§ Work request:
What you should give back is a precise copy of the lines below from the one containing "Sony PlayStation 4" through the one containing "Student Diary, 10.-12. grade, orange", with no pictures.

§ Given entries:

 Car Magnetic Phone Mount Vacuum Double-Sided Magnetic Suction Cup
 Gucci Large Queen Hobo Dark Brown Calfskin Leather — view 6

---

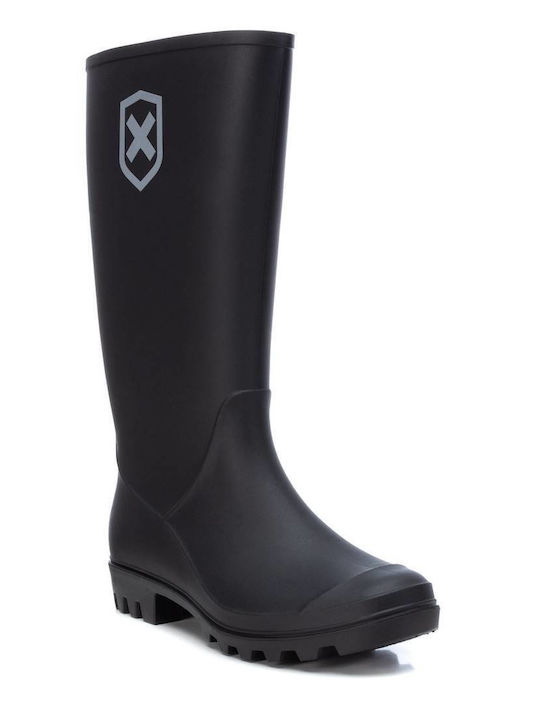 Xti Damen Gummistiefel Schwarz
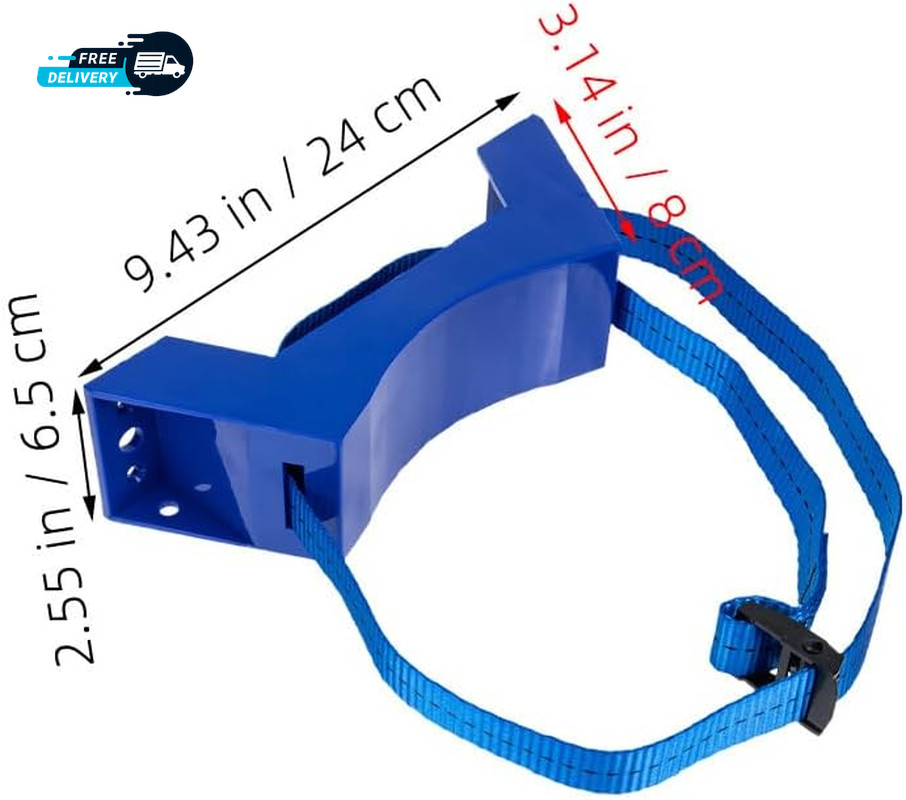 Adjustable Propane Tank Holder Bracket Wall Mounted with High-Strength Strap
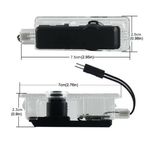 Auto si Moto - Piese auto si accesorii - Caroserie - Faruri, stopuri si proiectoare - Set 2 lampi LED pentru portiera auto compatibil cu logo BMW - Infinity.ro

---

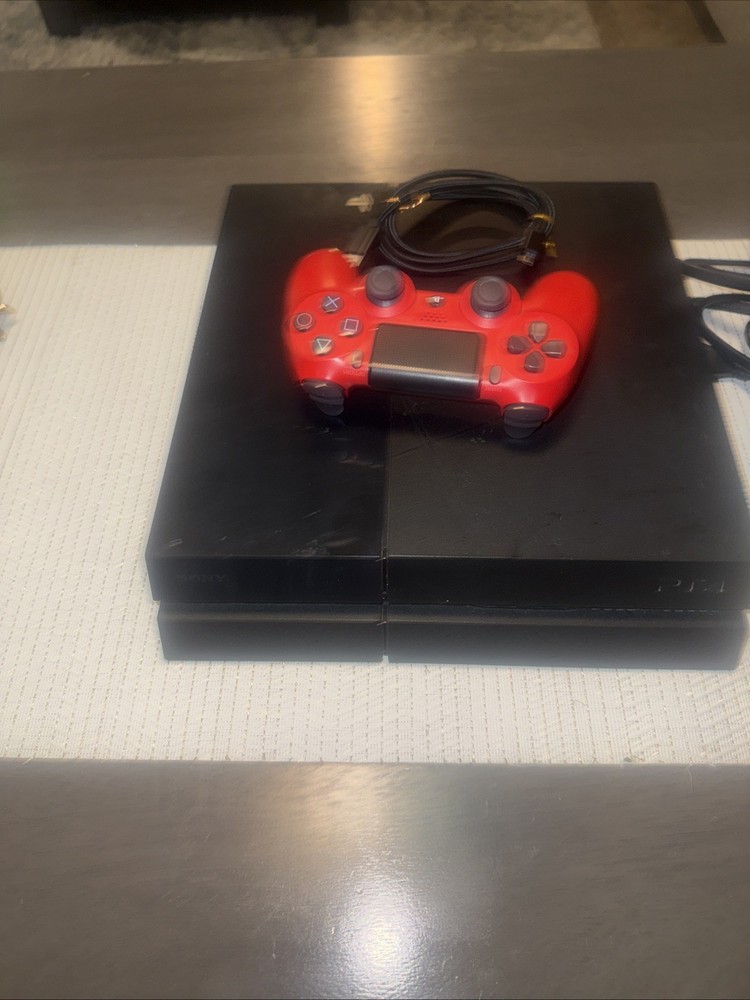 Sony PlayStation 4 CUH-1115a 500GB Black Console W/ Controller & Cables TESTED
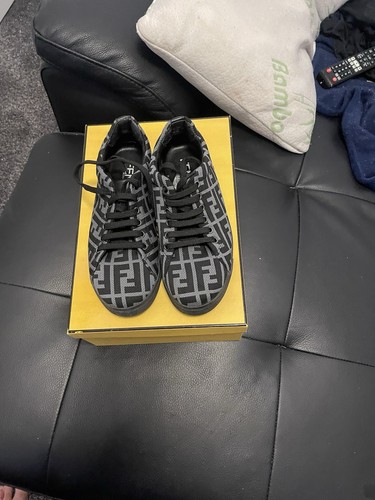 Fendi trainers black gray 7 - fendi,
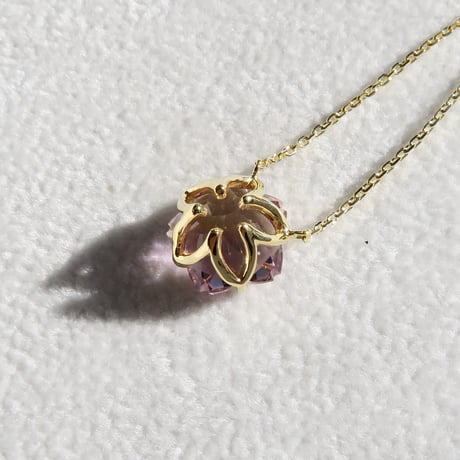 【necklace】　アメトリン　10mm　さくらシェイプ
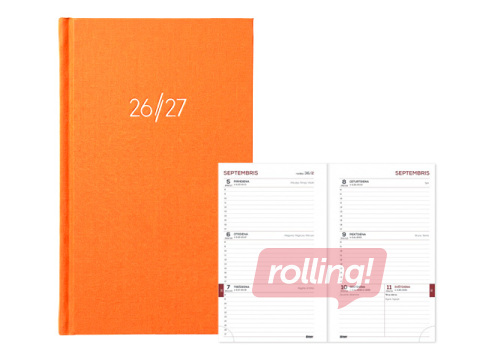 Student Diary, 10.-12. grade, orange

§ Expected output:
 Sony PlayStation 4 CUH-1115a 500GB Black Console W/ Controller & Cables TESTED
 Fendi trainers black gray 7 - fendi,
 【necklace】　アメトリン　10mm　さくらシェイプ
 Student Diary, 10.-12. grade, orange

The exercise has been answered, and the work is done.